Semi-implicit ocean model
Oceanographic
observations are assimilated into Semi-Implicit Ocean Model (SIOM) data
assimilation system. SIOM is a modification of the C-grid, z-coordinate
OGCM (Ocean Global Circulation Model) developed in Laboratoire d'Oceanographie Dynamique et de Climatologie [Madec et al., 1999]. This model was designed
specifically for the implementation of 4D-var methods into regional
models controlled by fluxes at the open model boundaries and sea surface.

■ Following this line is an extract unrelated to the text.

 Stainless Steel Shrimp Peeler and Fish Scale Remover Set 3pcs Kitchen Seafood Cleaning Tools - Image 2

The model is semi-implicit both for barotropic and baroclinic modes
permitting simulations with relatively large time steps of approximately 0.1 day [Nechaev et al., 2005, Panteleev
et al., 2006a,b]. The tangent linear model was obtained by direct
differentiation of the forward model code. The adjoint code of the model
was built analytically by transposition of the operator of the tangent
linear model, linearized in the vicinity of the given solution of the
forward model [Wunsch, 1996].
The details of the SIOM numerical scheme can be found in Nechaev et al. [2005].

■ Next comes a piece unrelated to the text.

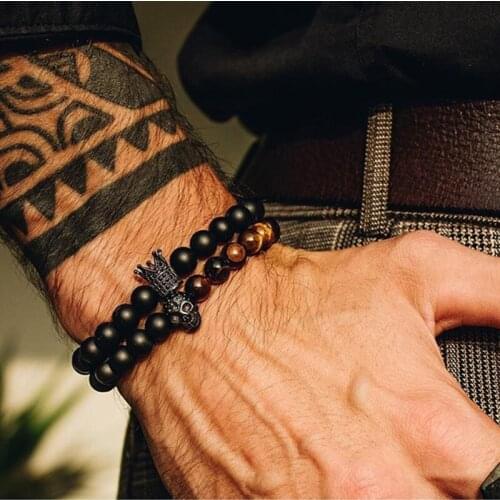 2pcs/set Black Matte Tiger Eye Beads Bracelet 2019 Royal CZ Crown Steel Skull Charm Bracelet Sets For Men Fashion Jewelry Gift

Model configurations and assimilating system
coupling
The
PIOMAS is configured to cover the region north of 43°N with mean
horizontal resolution of approximately 22 km (Figure 2). The model is one-way nested
to a Global Ice-Ocean Modeling and Assimilation System which consists of
similar sea ice and ocean models [Zhang,
2005]. The SIOM was configured for the domain shown in Figure 3. The SIOM’s grid has a horizontal resolution of 75 km. The original version of SIOM does not have sea-ice model, but is
able to assimilate the momentum, heat and salt fluxes between ice and
ocean. We use this possibility in implementation of a two-step data
assimilation algorithm to avoid problems associated with the strong non-linearity
of sea-ice dynamics discussed above.
At the first
step of the algorithm, we run PIOMAS for the entire Arctic Ocean domain
and PIOMAS assimilates sea ice concentration data and simulates sea ice
and water dynamics. At the 2nd step, the SIOM assimilates
external forcing provided by PIOMAS output over the SIOM domain (surface heat, salt and
momentum fluxes) and all available hydrographic data (water temperature,
salinity, velocity) employing a conventional 4D-var data assimilation
procedure that ensures dynamical consistency of the ocean model solution
([Nechaev et al., 2005, Panteleev et al., 2006a,b). To
reduce the number of “unknowns” in the 4-Dvar data
assimilation procedure, the time variability of the SIOM forcing fields
and the functions specifying the open boundary conditions is approximated
by piece-wise linear continuous functions of time on 3-day intervals. The
final product of the data assimilation system includes reconstructed
patterns of circulation and water T&S fields stored at the end of
every 10th day of the SIOM integration.
Figure
1.
Data flow chart for the data assimilation procedure.

Figure
2.
PIOMAS model domain

Figure
3.
SIOM model domain
Data sources
PIOMAS is driven by atmospheric forcing applied
to the ocean and ice surface and assimilates sea ice concentration and
drift.
SIOM uses all available ocean hydrography and current data for
assimilation and is forced by data from PIOMAS at the ocean-ice surface.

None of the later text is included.